MONTREAL — Administrators from the Université de Quebec a Montreal have ordered an immediate disciplinary hearing for several dozen students who prevented a Jewish professor from entering his classroom. Prof. Stephen Schecter, a former chairman of sociology who has been teaching at UQAM for more than 25 years, was blocked in mid-January from entering a classroom by students demonstrating against UQAM policies of resource rationalization. Ordinarily this would not occasion unusual comment. However, quite unexpectedly, the students started chanting “Israel assassin, Schecter complice.”

In light of recent events at universities, including the rioting at Concordia on September 9 which cancelled a planned speech by former Israel Prime Minister Benjamin Netanyahu and the attempt in Toronto to stifle a talk by Professor Daniel Pipes, arguably the world’s leading authority on radical Islam and a consultant to Canada’s Department of Foreign Affairs, observers found this latest event quite troubling, quite sad and requires reflection and response.

“Ironically, the subject of the undergraduate course Professor Schecter was teaching was democracy,” says Beryl Wajsman, president of the Institute for Public Affairs of Montreal. “Painfully, this event occurred in the same week that marked the 70th anniversary of the ascension to power of Adolf Hitler as Chancellor of Germany.” Wajsman says his Institute does not want to draw parallels between the brutality and insanity of political Nazism and the current atmosphere of intolerance and exclusiveness.

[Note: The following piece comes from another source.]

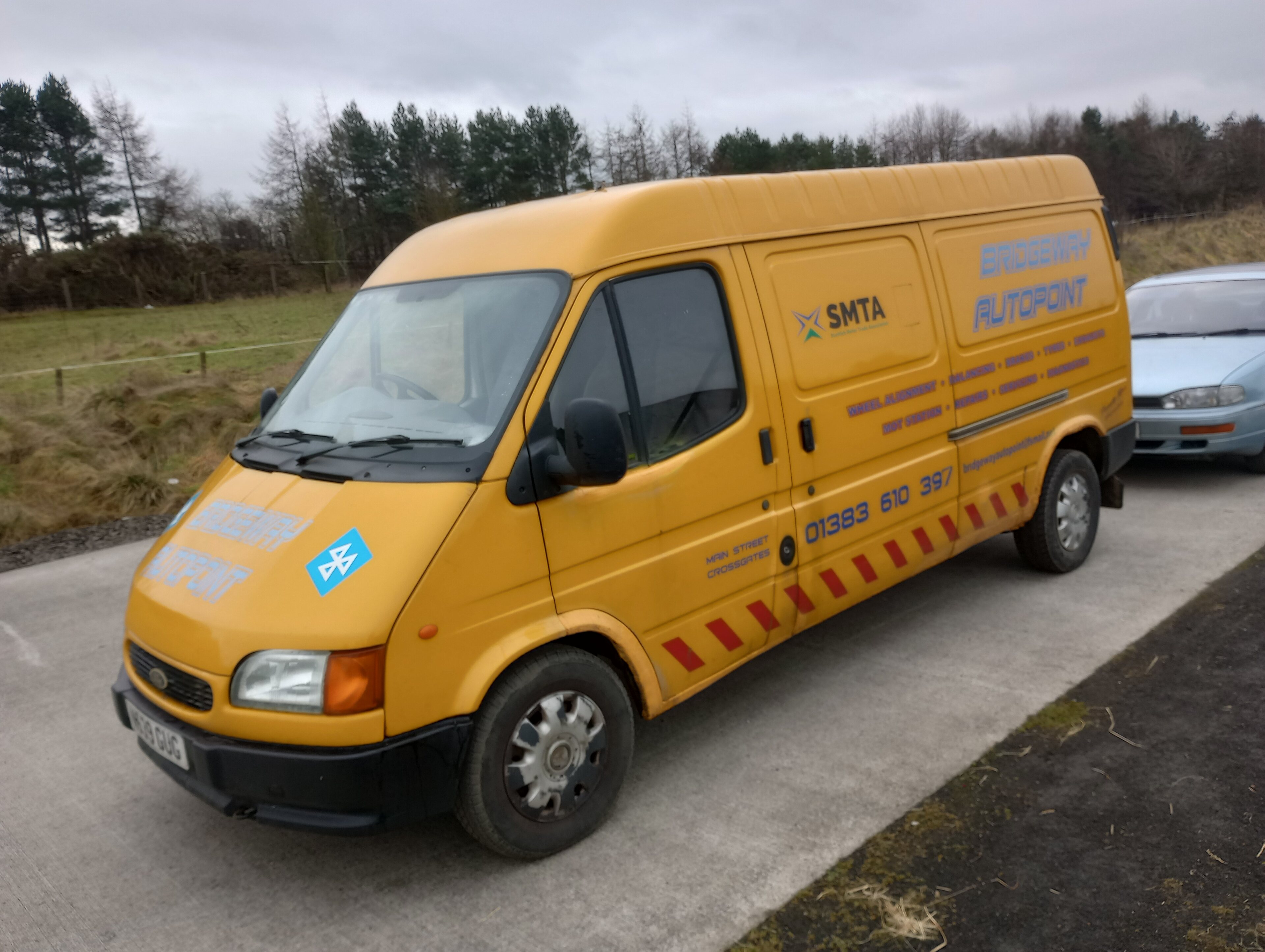 The Art of Shedding  - Page 32 - Readers' Cars - PistonHeads UK - This image features a van parked on what appears to be a rural or semi-rural area. The van is predominantly yellow and has a sign in the front window that says "S&C" with a phone number underneath, suggesting it may be used for commercial purposes such as transporting goods. There's also a noticeable sign with more information on it, but it's not entirely clear from this image. The van is parked on what seems to be an asphalt surface near a field or pasture. The sky overhead is cloudy, and the lighting in the photo indicates either dawn or dusk. There are no people visible in the image, giving a sense of quietness to the scene.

“That would only cheapen the suffering of tens of millions,” he says. “ But as Professor James Laxer has pointed out in ‘How Evil Triumphs,’ there is a parallel to psychological Hitlerism. That mentality that causes people to pour into, and identify with, a vessel of hate reflective of their bile of prejudice, paranoia and parochialism caused by their own failures and frustrations. A mentality that seeks to place blame on someone, anyone — no matter how unrelated to a grievance at hand, for its own shortcomings. A mentality with a core of intellectual rot with racism as its inevitable result. It has no place in our democratic dialogue and must be rooted out with repudiation and resolve.

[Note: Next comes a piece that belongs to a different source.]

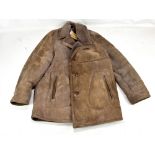 A gentleman's sheepskin coat with leather toggles.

“When democratic states such as Israel are attacked by students and subjected to the double standard of a supposed objectivity by journalists, it is time for all of us to realize that this is not being done for the sake of redressing what these states do wrong, but precisely to attack what they do right. The attacks on Israel do not come singularly because of its conflict with the Palestinians, but arise from the broader assault on the family of liberal democratic nations launched by radical Muslims, supported by their ‘morally relativist’ friends in academe, media and in the dictatorial regimes that dominate ‘objective’ world forums such as the U.N., who cannot abide by, nor successfully engage in, the competition of open debate and discourse that is the hallmark of the free world, and therefore seek to bring the west to heel at their altar of neo-Hitlerian behavioral conformity and racial prejudice."

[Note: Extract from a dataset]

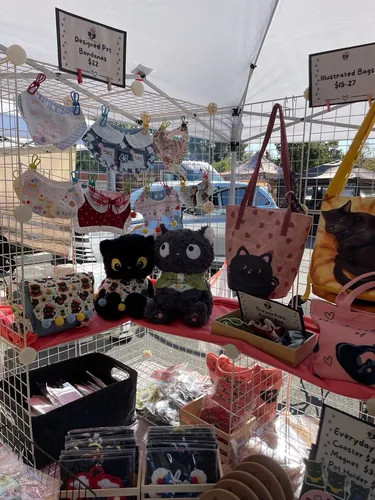 Pet bandanas clipped along the grid wall above two black cat plushies, a patterned crossbody bag, and a tray of scrunchies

Wajsman notes that Canada has sacrificed more sons and daughters for the survival and success of freedom in the past century than even the United States as a proportion of population. Quebec, with Louis-Joseph Papineau amongst its leaders, was the first political jurisdiction in the West to give full enfranchisement to Jews and other minorities beating England by eight years.

“Louis-Hippolyte Lafontaine and Robert Baldwin made us only the second national jurisdiction in the world with responsible government some twenty years before confederation,” he says. “Sir Wilfrid Laurier gave us the creed of inclusive liberalism that propelled us forward into the twentieth century. And Pierre Elliot Trudeau, Jean Marchand and Gerard Pelletier led the revolt against the teachings of contempt in Quebec and gave Canada an agenda for progress that has made us the envy of the world.”

“As a society our instincts for justice are generally intuitive and immediate,” says Wajsman. “We know we cannot long tolerate further incidents of this nature. They are viscerally repulsive and spiritually corrosive to the social contract we have built in this good and gentle land.”

Wajsman has circulated a paper on this incident to several hundred national leaders in politics, business, labor, media, academia, the arts, and ethnic and social advocacy. “It is time for a message to be sent,” he says. “ It is time for action and assault against this tide of prejudice posturing as objectivity that is the obscene deformity borne of thirty years of moral relativism. We must send forth our word, from dozens of directions — from whom we engage with in business, to whom we ally with in politics — that as free people, we shall no longer acknowledge as legitimate, we can no longer abide as tolerable and we will never acquiesce as debatable, such infamous slanders against sister democracies and such lurid libels against fellow citizens.”